Over the last year or so, our seminar has become increasingly web-focussed. Last week we had an excellent paper from Jack Grieve of Aston University on the tracking of newly emerging words as they appeared in large corpora of tweets from the UK and the US. By amassing very large tweet datasets, he and his colleagues are able to observe the early traces of newly emerging words, and also (when those tweets were submitted from devices which attach geo-references) to see where those new words first appear, and how they spread. Jack and his colleagues are finding that words quite often emerge first (in the US) in the east and south-east (or California) and then spread towards the centre of the continent. They don’t necessarily spread in even waves across space, or even spring between urban centres and then to rural areas (as would have been my uneducated guess). Read more at the project site, treets.net, or watch the paper.
This kind of approach is quite impossible without the kind of very large-scale natural language data such as social media afford. This is particularly so as most words are (perhaps counter-intuitively) rather rare. In the corpus in question, the majority of the 67,000 most common words appear only once in 25 million words. Given this, datasets of billions of tweets are the minimum size necessary to be able to see the patterns.
It was interesting to me as a convenor to see the rather different spread of people who came to this paper, as opposed to the more usual digital history work the seminar showcases. Jack focussed on tweets posted since 2013; a time span that even the most contemporary historian would struggle to call their own; and so not so many of them came along – but we had perhaps our first mathematician instead. This was a shame, as Jack’s paper was a fascinating glimpse into the way that historical linguistics, and indeed other types of historical enquiry, might look in a couple of decades’ time.

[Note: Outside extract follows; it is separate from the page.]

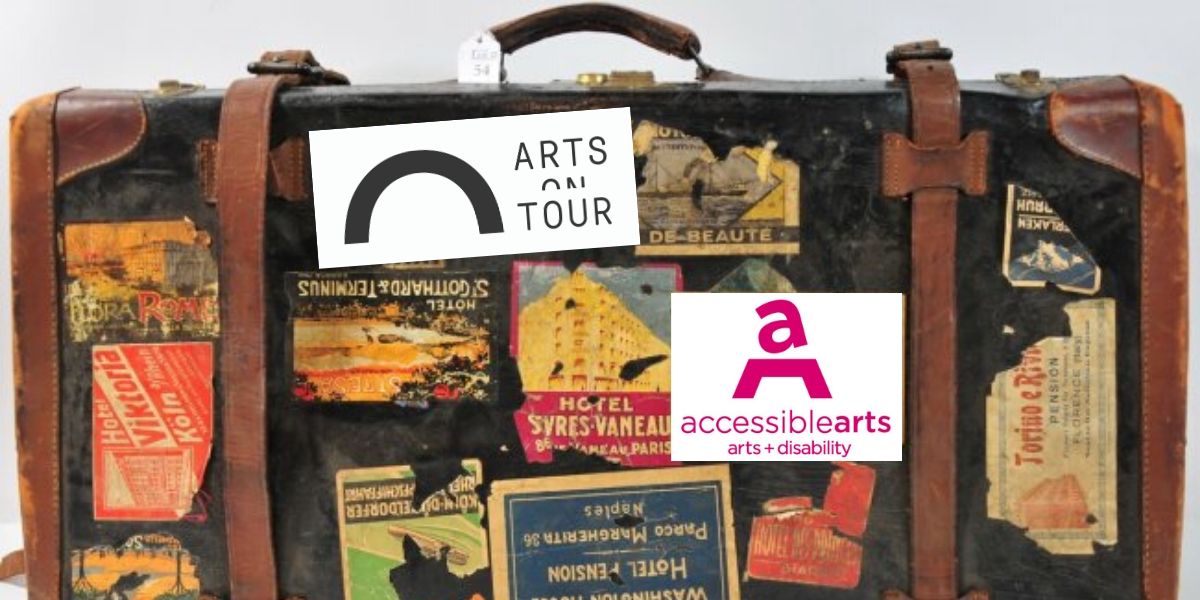 Vintage black and tan suitcase covered with old travel stickers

But there is a caveat to this, which was beyond the scope of Jack’s paper, to do with the means by which this data will be accessible to scholars of 2014 working in (say) 2044. Jack and his colleagues work directly from the so-called Twitter “firehose”; they harvest every tweet coming from the Twitter API, and (on their own hardware) process each tweet and discard those that are not geo-coded to within the study area. This kind of work involves considerable local computing firepower, and (more importantly) is concerned with the now. It creates data in real time to answer questions of the very recent past.
Researchers working in 2044 and interested in 2014 may well be able to re-use this particular bespoke dataset (assuming it is preserved – a different matter of research data management, for another post sometime). However, they may equally well want to ask completely different questions, and so need data prepared in a quite different way. Right now, the future of the vast ocean of past tweets is not certain; and so it is not clear whether the scholar of 2044 will be able to create their own bespoke subset of data from the archive. The Library of Congress, to be sure, are receiving an archive of data from Twitter; but the access arrangements for this data are not clear, and (at present) are zero. So, in the same way that historians need to take some ownership of the future of the archived web, we need to become much more concerned about the future of social media: the primary sources that our graduate students, and their graduate students in turn, will need to work with two generations down the line.
Certainly, historians have always been used to working around and across the gaps in the historical record; it’s part of the basic skillset, to deal with the fragmentary survival of the record. But there is right now a moment in which major strategic decisions are to be made about that survival, and historians need to make themselves heard.